What sort of wife must she be to feel that way and stay married? And what sort of woman must she be to stay married to her H and take from him what he gives her while she feels that way about him? Surely that is a woman with zero credibility and the man is better off without her and she better off without him.


----------



## Enchantment (May 11, 2011)

AFEH said:


> There is no such thing as selflessness. It doesn’t exist.


Agree. "Selflessness" may not have been the best choice of word. The intent was to indicate an action that is done without manipulation or requiring/expecting a response from another, but I couldn't think of a single word for that.


----------



## Enchantment (May 11, 2011)

AFEH said:


> What sort of wife must she be to feel that way and stay married? And what sort of woman must she be to stay married to her H and take from him what he gives her while she feels that way about him? Surely that is a woman with zero credibility and the man is better off without her and she better off without him.
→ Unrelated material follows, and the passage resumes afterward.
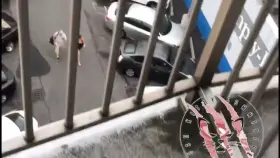 Anal Slut Made Cuckold Watch BBC Double Penetration GIF by imbackstage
She could simply be the kind of wife who has a husband who really cares little for her except for what's in her 'knickers' and what she does around the house or for the kids, in which case he would have zero credibility. I've seen many of these kinds of stories on the forum. In many cases, I think there are just as many emotionally starved wives as there are sexually starved husbands (actually I think there may be a one to one correlation between the two), so it's often best to look at both sides of the coin. 

However, we're just generalizing now since we don't know the OP's wife.


----------



## AFEH (May 18, 2010)

Enchantment said:


> Agree. "Selflessness" may not have been the best choice of word. The intent was to indicate an action that is done without manipulation or requiring/expecting a response from another, but I couldn't think of a single word for that.


In marriage and in all relationships we do things with the expectations of a response!!! So by this definition we are all manipulating one another!

We play tennis. We hit the ball over the net. We expect the ball to come back. Is that manipulation? If it never comes back we give up playing with that person!!

Lets get real here. Each and everyone of us do things for selfish reasons. We all want something back for what we do. Otherwise we stop doing it. Or pick our ball up and go play somewhere else. In this case it’s sex. But a lot of guys don’t do the right things to get sex from their wives! Their “game” is way off base. All the guys here are doing is helping others improve their game.

I talk as a man who had as much sex as he ever wanted from the woman he loved over a period of 42 years. BBW and the other guys are right, more or less spot on with what they are teaching here.


----------



## AFEH (May 18, 2010)

Enchantment said:


> She could simply be the kind of wife who has a husband who really cares little for her except for what's in her 'knickers' and what she does around the house or for the kids, in which case he would have zero credibility. I've seen many of these kinds of stories on the forum. In many cases, I think there are just as many emotionally starved wives as there are sexually starved husbands (actually I think there may be a one to one correlation between the two), so it's often best to look at both sides of the coin.
> 
> However, we're just generalizing now since we don't know the OP's wife.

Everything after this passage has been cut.